While President Rajapaksa has pledged to look into the shortcomings pointed out in the Bhagwati report, the Attorney General has locked horns with the IIGEP. The situation smacks of certain degree of skullduggery and may precipitate another crisis — with the possibility of members of the international panel quitting looming large.

There are two main issues involved in the current crisis:

The inadequacy of the Sri Lanka judicial system to effectively deal with human rights abuses. Bringing to justice the killers of 17 aid workers and others who are responsible for extrajudicial killing.

It is because of the inadequacy of the local judicial system and the international community's lack of confidence in it that Sri Lanka had to invite foreign observers. If only our judiciary had demonstrated its vibrancy and progressivism in such a way to earn worldwide reputation, the international community would not have pressurised the government. The United States and Britain may also be committing gross human rights violations but the judicial systems in these countries are adequately empowered to bring the culprits to justice.

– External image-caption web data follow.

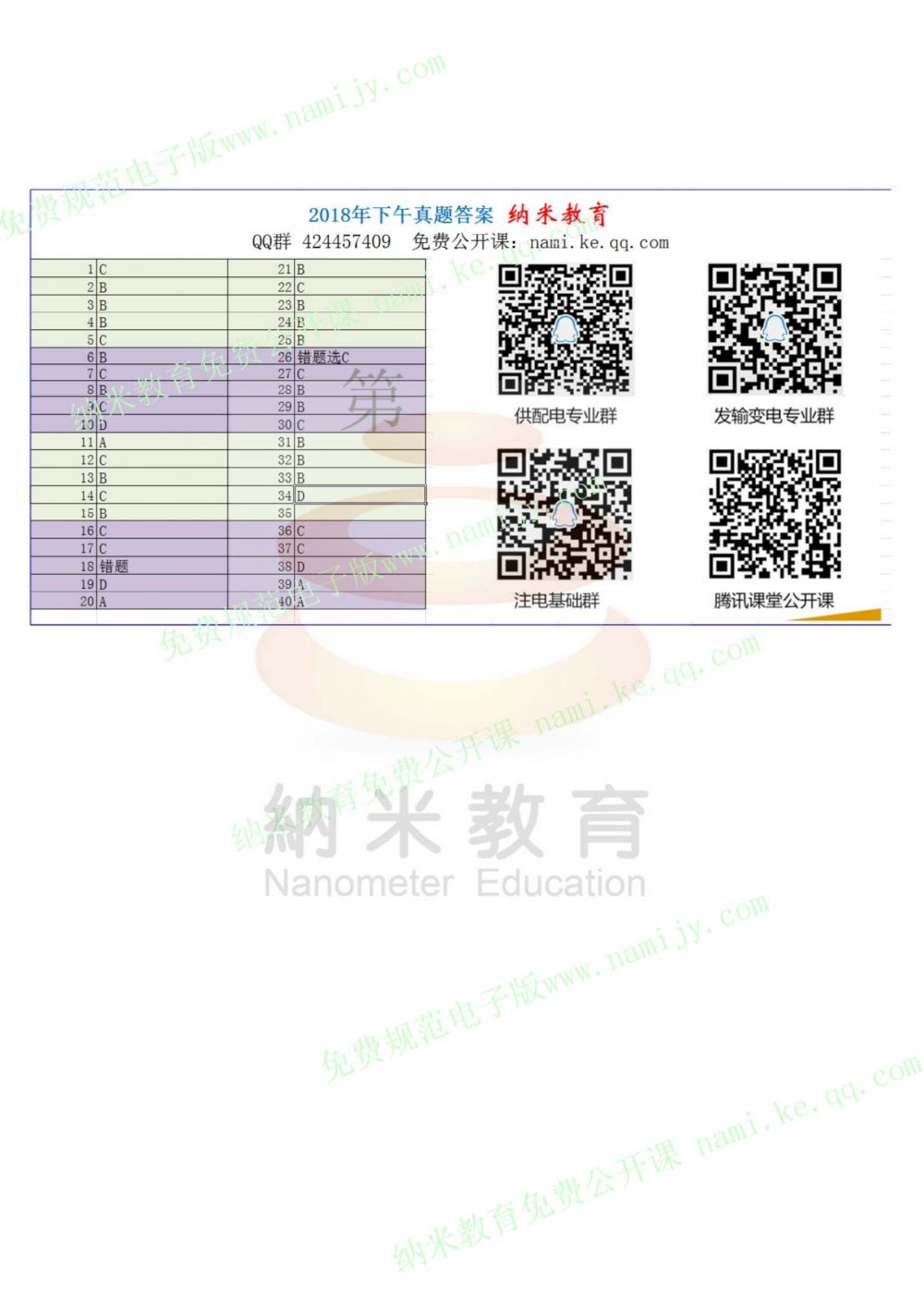 纳米教育--18年供配电真题解析（图片+解析）下午 完整--只缺1题（35）_4.jpg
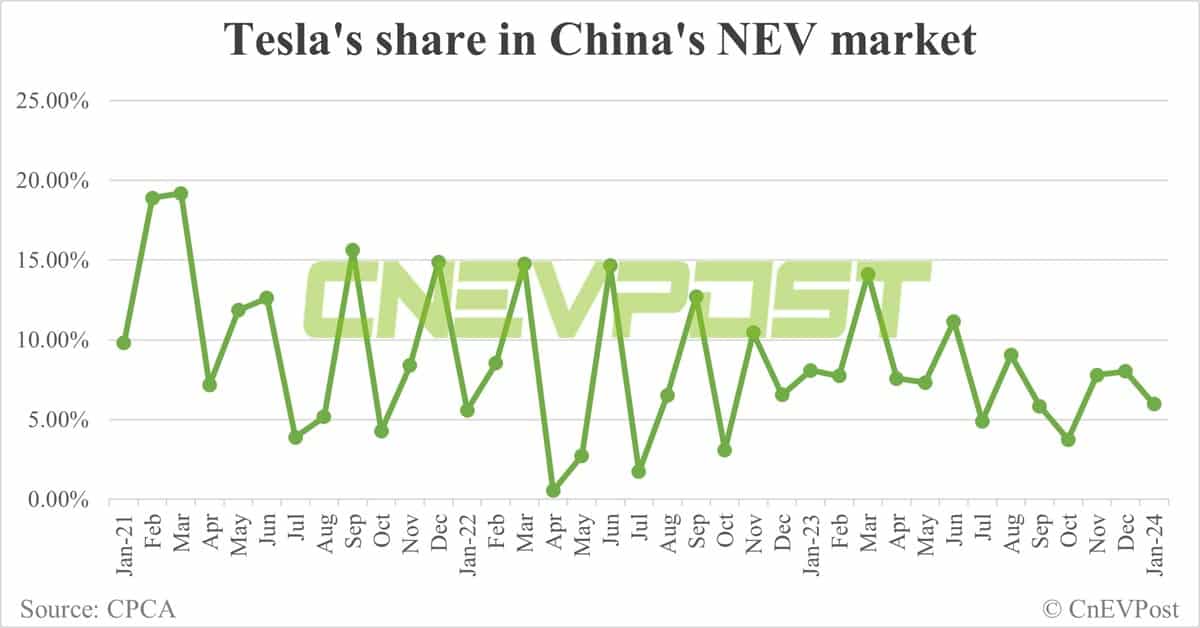 Tesla sells 39,881 cars in China in Jan, exports 31,566 from Shanghai plant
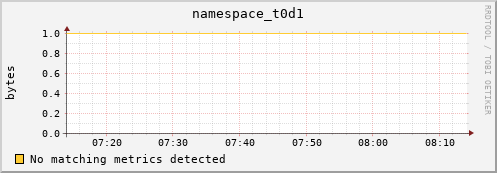 pike7.mgmt.grid.surfsara.nl namespace_t0d1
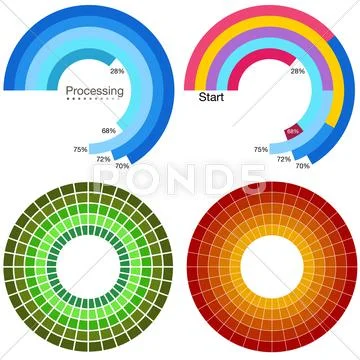 Processing wheel chart set Stock Illustration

The recent ruling by British law lords in a case where British soldiers were accused of killing Baha Mousa, an Iraqi civilian is a classic example. The law lords dismissed the British government's argument that the European Convention on Human Rights applied only in Europe and not applicable to British troops in Iraq. They said there must be a full independent inquiry whenever detainees such as Mousa suffer inhuman treatment, torture or death whilst detained in UK military establishments anywhere in the world. It is when justice fails that political dissent turns violent. Terrorism manifests itself as a political voice when avenues for justice are shut and people lose hope that their grievances could be addressed in a just manner.

The second issue involves the investigative process: Will the culprits be punished? We still do not know who killed the 17 aid workers. It could be soldiers, the Tamil Tigers or even a third force. But the manner in which the Attorney General's Department finds fault with the IIGEP and the authorities' failure to extend cooperation to Australian forensic experts create a wrong impression that the state is trying to protect the culprits. Unconfirmed reports say vital evidence collected by investigators has either gone missing or not submitted.

The burden is on Sri Lanka to prove that it is a state where justice is done.